§ **SOURCE MATERIAL**
****************************************

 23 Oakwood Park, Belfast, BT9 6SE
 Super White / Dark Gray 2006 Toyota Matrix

****************************************

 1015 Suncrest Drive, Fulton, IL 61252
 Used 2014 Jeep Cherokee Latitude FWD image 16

****************************************

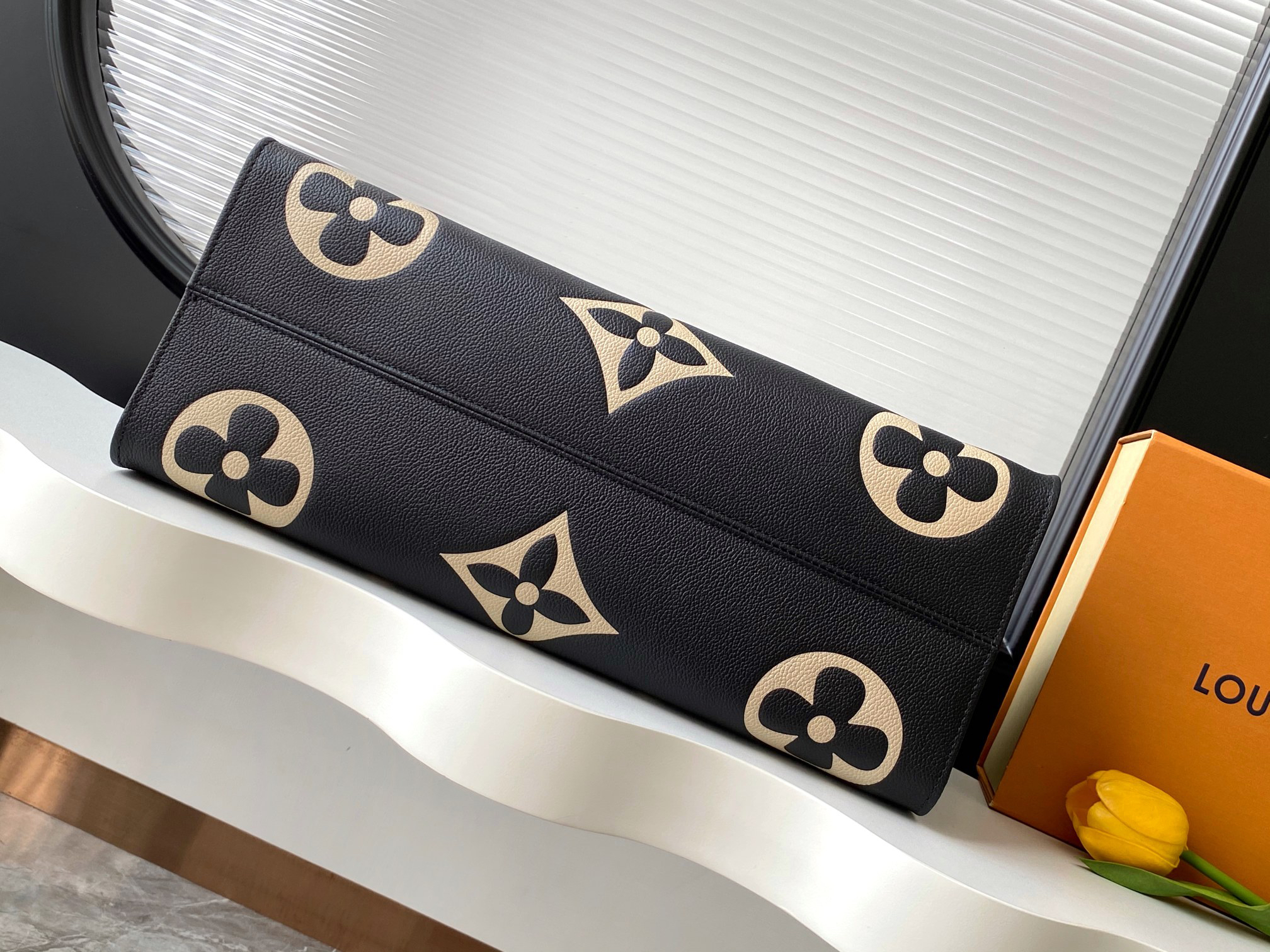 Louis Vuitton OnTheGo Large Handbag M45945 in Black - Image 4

****************************************

§ **EXERCISE OBJECTIVE**
Once you find the line with "23 Oakwood Park, Belfast, BT9 6SE" above, print it and every line after it up to and including the line with "Super White / Dark Gray 2006 Toyota Matrix", exactly as written and nothing else.

§ **TASK RESULT**
 23 Oakwood Park, Belfast, BT9 6SE
 Super White / Dark Gray 2006 Toyota Matrix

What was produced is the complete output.